Data
○ ○ ○ ○
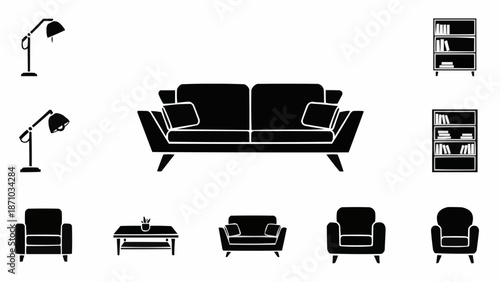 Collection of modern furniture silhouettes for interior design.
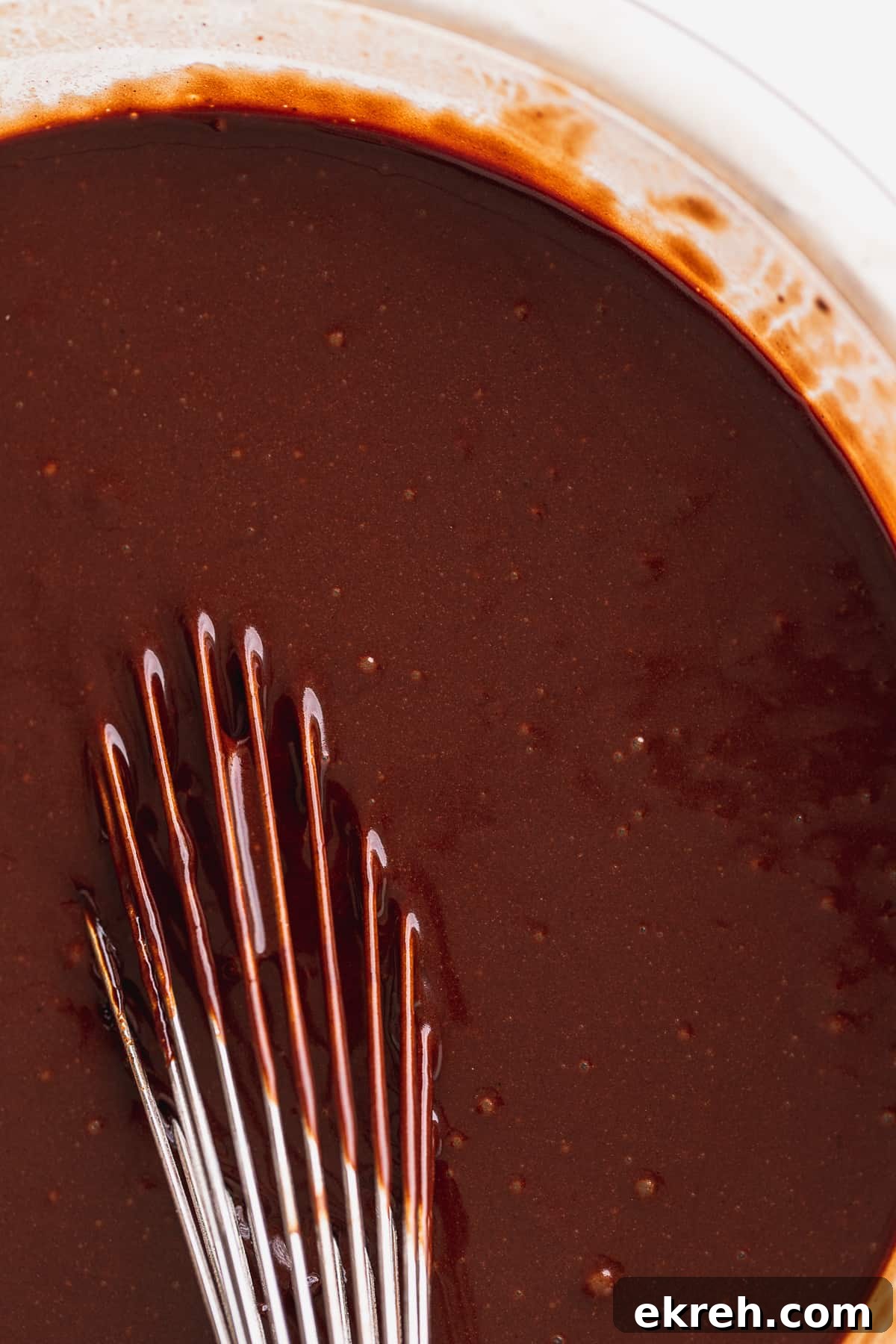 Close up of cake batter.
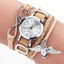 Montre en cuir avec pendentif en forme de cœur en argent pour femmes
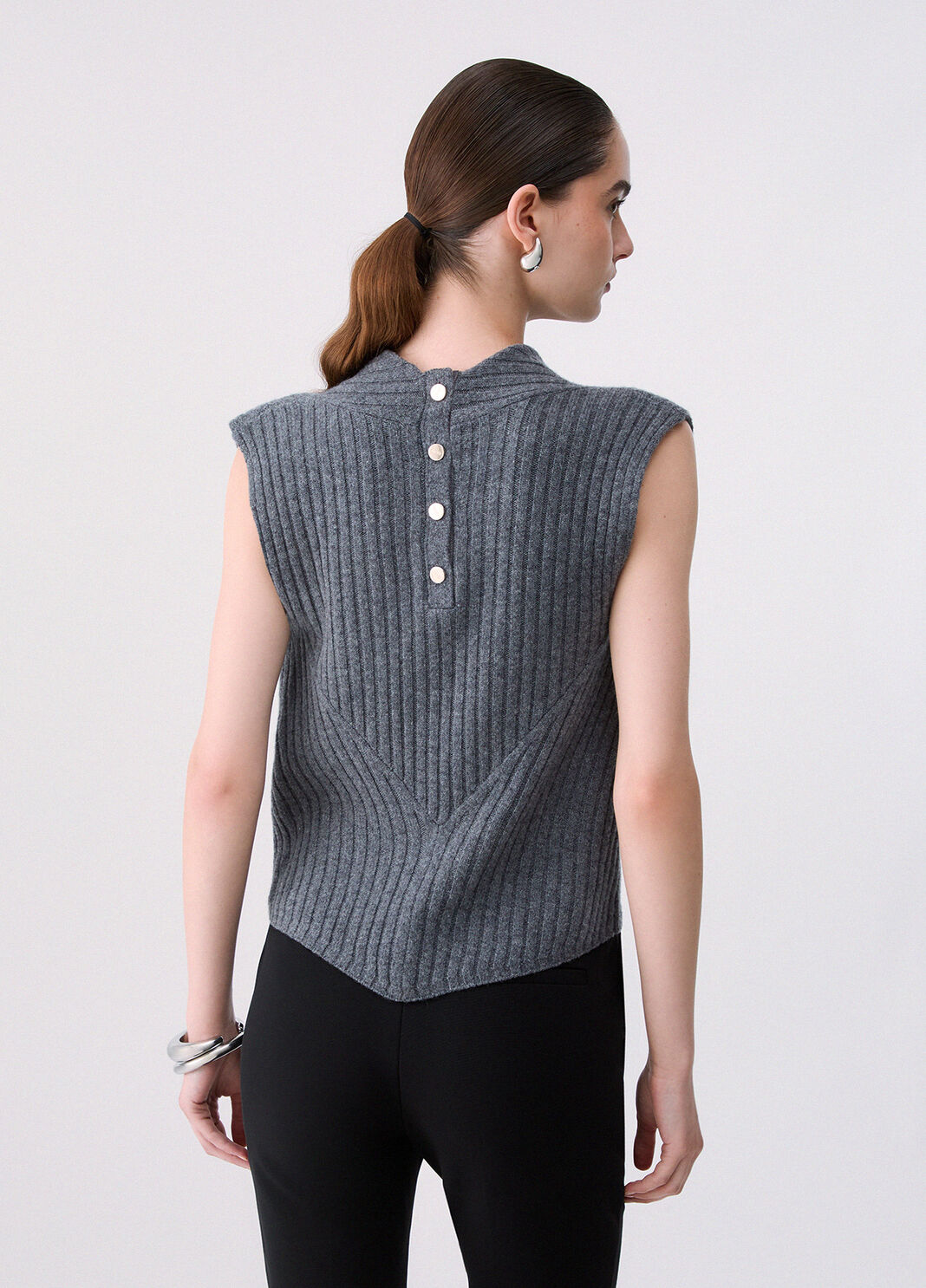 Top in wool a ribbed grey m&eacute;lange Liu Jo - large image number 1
○ ○ ○ ○
Work to complete
Output the material word for word, and keep the pictures out.

Solved exercise
 Collection of modern furniture silhouettes for interior design.
 Close up of cake batter.
 Montre en cuir avec pendentif en forme de cœur en argent pour femmes
 Top in wool a ribbed grey m&eacute;lange Liu Jo - large image number 1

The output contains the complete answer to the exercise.